Su demostración arroja luz sobre una distinción, ignorada por los quietistas, entre el amor legítimo de la criatura por ella misma y el amor mercenario: «Con toda seguridad Dios es el solo fin de nuestro amor, pero nosotros hallamos en este amor nuestra felicidad, que no nos es indiferente. Así pues, no amamos a Dios en atención a nosotros mismos; lo que constantemente nos arrastra a amarlo es el sentimiento de lo que debe hacer nuestra felicidad . personal. Pero éste es un puro sentimiento y no un cálculo; ahora bien, es el cálculo lo que hace al amor mercenario». No podría, pues, existir el amor de Dios absolutamente desinteresado: no se puede amar a Dios sin que nos agrade, ni querer el Bien sin haber gustado de aquello que es bueno. Dicho de modo más general, ¿se puede amar sin motivo? Ahora bien, todo motivo se refiere necesariamente a nosotros, no siendo otra cosa que «la percepción agradable de un objeto del que se goza o del que se espera gozar».
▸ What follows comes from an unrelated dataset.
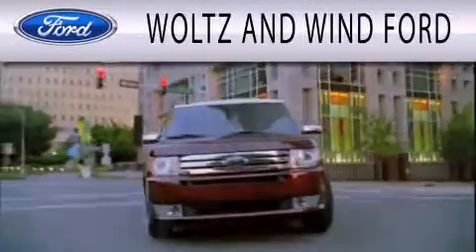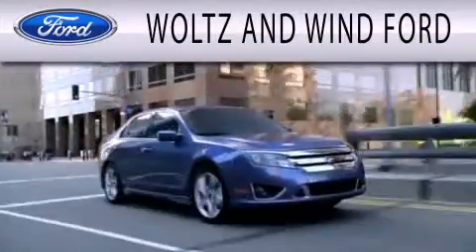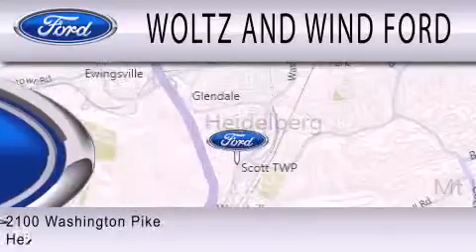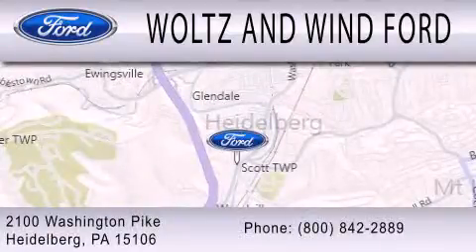Woltz & Wynn Ford is dedicated to doing everything possible to ensure that the experience you have selecting your next vehicle is as pleasant as possible. We are located at 2100 Washington Pike in Heidelberg.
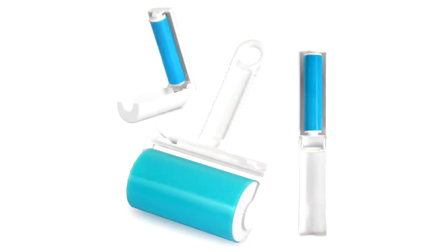Next up: reusable lint roller. I don't really care much about lint removal, but if lint bothers you, this might be a good option. It's basically sticky and you can reuse it by washing it with soap and water.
Finalmente — y éste es un punto que no habían llegado a ver todavía lo más mínimo los fieles de Mme. Guyon —, este apetito de felicidad no es ni mucho menos inconciliable con la gracia: San Agustín, en el que Malebranche no cesa de ampararse, ¿acaso no habló de una santa concupiscencia? El Tratado del amor de Dios, que le valió a Malebranche la más completa estimación de Bossuet, es una puesta a punto perfectamente equilibrada de la cuestión quietista. No puede por menos de admirarse el arte con que Malebranche, aun ciñéndose lo más posible a las legítimas exigencias de los místicos, llega a conciliarlas con los datos, de la más clásica psicología.